The French Laundry is not in the business of serving breathless meals to those are in a hurry. Its pace is measured and its plates are numerous. Mr Keller offers two set menus of nine courses ($240), one with meat and fish and one of vegetables. Nowadays, I find these a little too much for me, so I confined myself to ‘just’ seven courses. But they were seven courses of unalloyed pleasure. I began with a masterpiece of delicate gastronomy ~ caviar with green apple granité. Bright, refreshing and yet still luscious and satisfying, this was the perfect opening movement to a mighty symphony. Then came one of my favourite dishes, the truffled egg. Within an egg shell was egg custard flavoured with white truffle, topped with ragoût of black truffle. I have eaten this dish on every visit to the French Laundry, and I adore its rich and satisfying flavours. On this occasion I drank with it a 1969 madeira (D’Oliveira, Sercial - $53, glass), which matched its luxuriance very well indeed. This was recommended by the sommelier, Christopher Hoel ~ a most knowledgeable fellow, who, as we shall see, is not afraid to experiment.

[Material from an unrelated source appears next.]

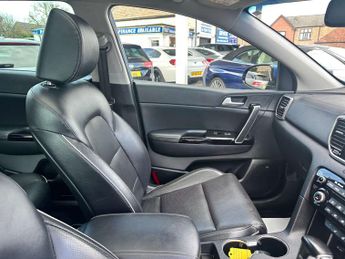 KIA SPORTAGE 1.6 Sportage 4 ISG 4x4 Semi-Auto 4WD 5dr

Next was lobster ~ soft and tender, with its flavour brilliantly set off by the sharpness of peach. Here was a superb confection, made even better by the accompanying white burgundy. (This was a Meursault. The list has 56 ~ ranging in price from the 2005 from Domaine Matrot at $105 to the 1982 ‘Les Charmes’ from Comtes Lafon at $1,200.)

Breast of pigeon and foie gras now appeared, each cooked to perfection and each adding to the pleasure yielded by its companion. And now, too, came Mr Hoel’s experiment. He brought me two wines: a red from the Rhône for the pigeon and a sweet white from Hungary for the foie gras. I applauded the bravery of this experiment; but, like many experiments, it did not work. The tastes of the different foods mixed wonderfully in my mouth, as the chef had intended. But wines must be drunk separately, and to drink two such different wines alternately with one dish confused rather than delighted my palate. Interesting, but not to be repeated, I think. Still, ten out of ten to Mr Hoel for his boldness. (The sweet white was 2002 Királyudvar, Tokaji Cuvée, ‘Ilona’ - $38, glass. The red was a Côte Rôtie. The list has 31, ranging in price from $130 for the 2002 from Patrick Jasmin to £1,845 for the 1983 ‘La Landonne’ fom Guigal.)

Juicy Wagyu beef now catered fully for my carnivore instincts. Then it was cheese, and the ending to which I had been looking forward: coffee and doughnuts. Like the truffled egg, this is one of Mr Keller’s most inspired inventions and one which I could not bear to omit from a meal here. ‘Cinnamon-sugared doughnuts with cappuccino semi-freddo’ is the official description. I defy anyone who likes puddings not to find this one absolutely, ravishingly delicious.

A great restaurant must have a great cellar. The list at the French Laundry lists over two thousand of the world’s finest bottles, and I have no hesitation in recommending that you trust the guidance of Sommelier Christopher Hoel to direct you to that combination of quality and good value most of us seek. For those of you with deep pockets, however, think for a moment of white burgundy, claret and red burgundy. Here you can choose between 18 Montrachets (including 2005 DRC at $6,765), 1961 Latour ($5,000), 1961 Mouton Rothschild ($4,800), 1982 Pétrus ($7,500) and 2005 Romanée-Conti ($10,045).

So, what about a word to sum up the French Laundry? Ah yes, I have it ~ finesse.